Ask HN: Stanford CS 153 help

hi hn - i'm volunteering at Stanford next quarter to co-teach cs 153 (infrastructure at scale) - a course i wish had existed during my undergrad years. rather than pure theory, it's focused on how large-scale systems actually work in production

the format combines hands-on projects with a speaker series. we've confirmed some solid speakers (Jensen Huang from NVIDIA, Matthew Prince from Cloudflare etc), but i'm also keen to bring in perspectives from folks who don't fit the standard mold. tbh, many of the best systems eng/devs/infra ppl i've worked with are pretty weird - they think differently, take unconventional paths, and often learn by obsessively building and breaking things rather than following traditional routes. i think it would be cool for the students to realize its a feature, not a bug, to be weirdly obsessive

if you're interested in this kind of stuff, i'd value your thoughts on:

1/ who are the fascinating/unsung heroes in infra/systems eng that students should learn from? especially interested in people who've solved hard scaling problems through unconventional thinking or unique approaches

2/ what kind of projects do you think would fun and meaningfully demonstrate real-world infrastructure challenges while still being achievable in an academic quarter?

prerequisites are CS106/CS111 level programming. draft syllabus here: https://explorecourses.stanford.edu/search?view=catalog&filt...

email: anjney at alumni dot stanford edu if you prefer to share thoughts privately. thank you in advance for any and all help

57 points | by anjneymidha 19 hours ago

16 comments

  • spenczar5 18 hours ago
    Rachel by the Bay (https://rachelbythebay.com/) has long impressed me as someone who clearly is deep in the actual work of systems, day in and day out, and can write well about it.

    Julia Evans has a wonderful approach as well, and has amazing talent for teaching: https://jvns.ca/

    Kellan Elliott-McCrea (https://laughingmeme.org/) has given the world some of the better advice on the hardest parts of software scaling, which is of course scaling the human organizations.
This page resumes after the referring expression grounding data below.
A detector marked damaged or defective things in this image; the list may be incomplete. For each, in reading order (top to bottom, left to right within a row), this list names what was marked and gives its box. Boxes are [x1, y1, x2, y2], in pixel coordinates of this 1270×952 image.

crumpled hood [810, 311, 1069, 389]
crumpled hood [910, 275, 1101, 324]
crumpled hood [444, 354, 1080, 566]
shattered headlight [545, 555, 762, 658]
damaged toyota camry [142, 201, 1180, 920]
New grads are virtually always underestimating that part of the work; eventually you realize the hard problems are usually social and not technical.
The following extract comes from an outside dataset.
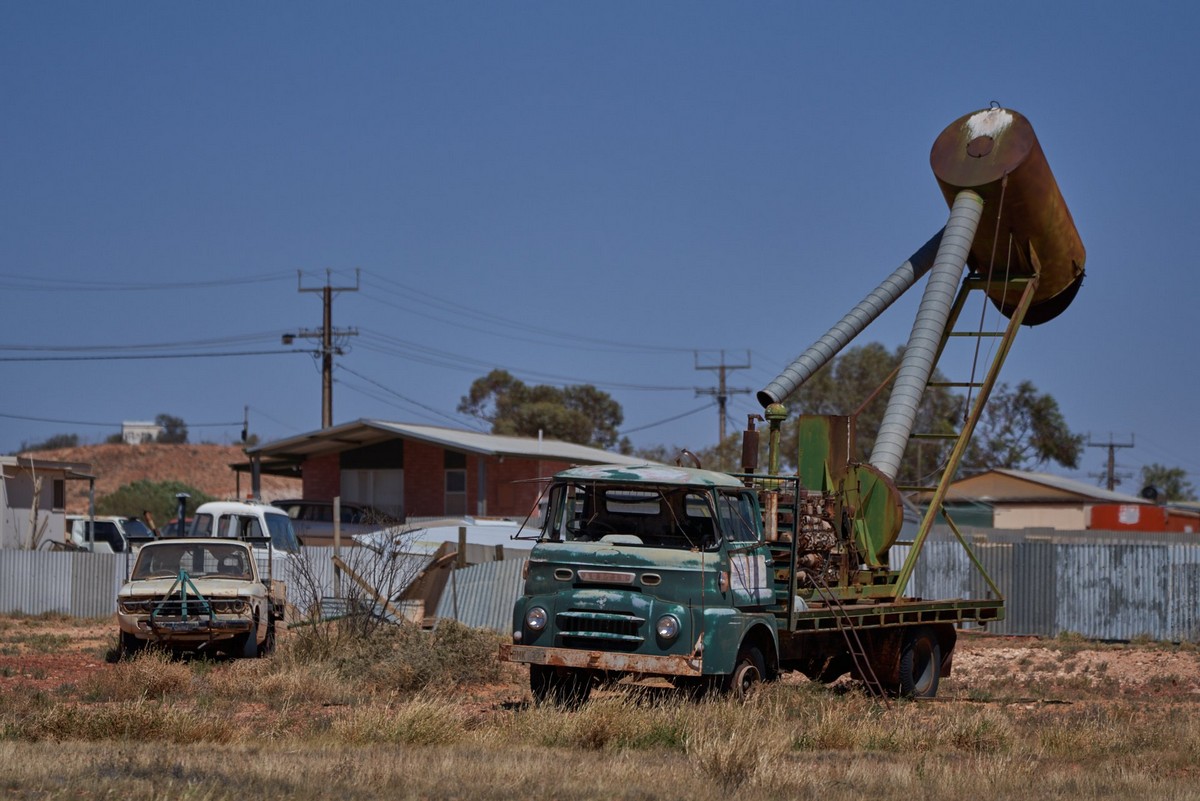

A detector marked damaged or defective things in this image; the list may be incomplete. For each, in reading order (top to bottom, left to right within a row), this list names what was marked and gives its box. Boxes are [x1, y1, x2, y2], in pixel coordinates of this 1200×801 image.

    • anjneymidha 17 hours ago
      i've followed Rachel and Julia for a long time, but didn't know about Kellan - thanks so much for that.
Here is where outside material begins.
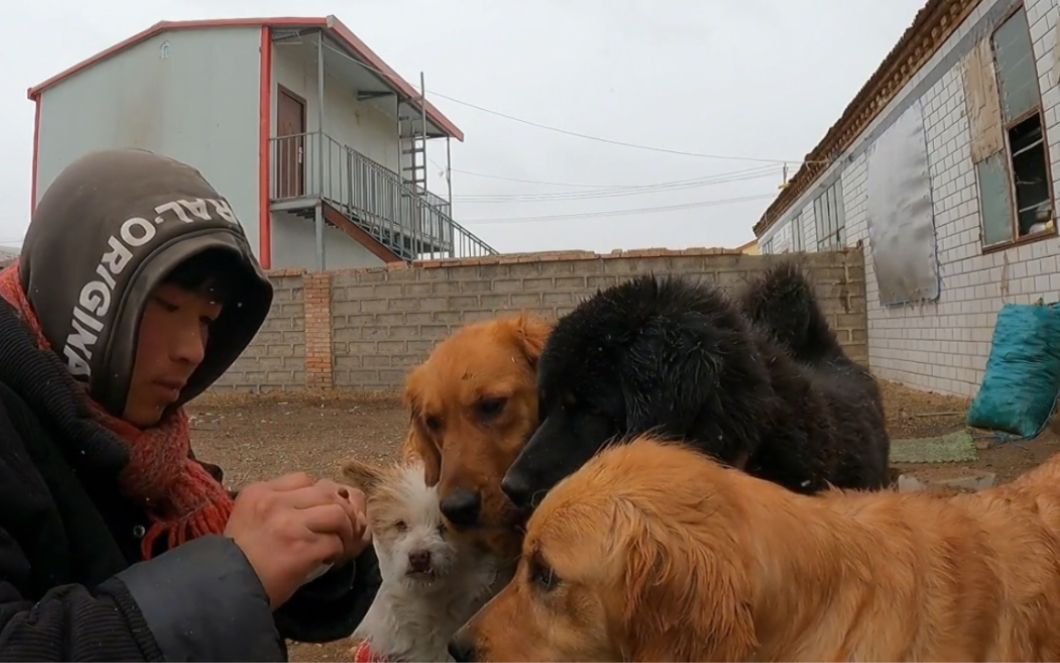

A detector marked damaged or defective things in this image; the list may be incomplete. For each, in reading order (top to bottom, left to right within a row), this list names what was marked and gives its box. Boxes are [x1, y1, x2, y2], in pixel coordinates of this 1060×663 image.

broken window [809, 177, 843, 249]
rusty metal sheet [864, 98, 941, 307]
broken window [979, 7, 1055, 247]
      re: human org scaling - true and this was the most surprising thing for me when i was running the platform org at discord. companies ship their org charts whether they like it or not. and refactoring org charts correctly, at scale, is essentially untested in the modern era

  • JohnMakin 18 hours ago
    2/

    Build a multi-cloud architecture. And by this, I mean connect two cloud's networks without traversing the public internet to connect two applications running in each respective cloud. And then, put that into IaC. It sounds like not much, but the issues you uncover are pretty illuminating and it is a fantastic interview question to give to senior-ish infra guys to see how they approach it and the challenges they expect.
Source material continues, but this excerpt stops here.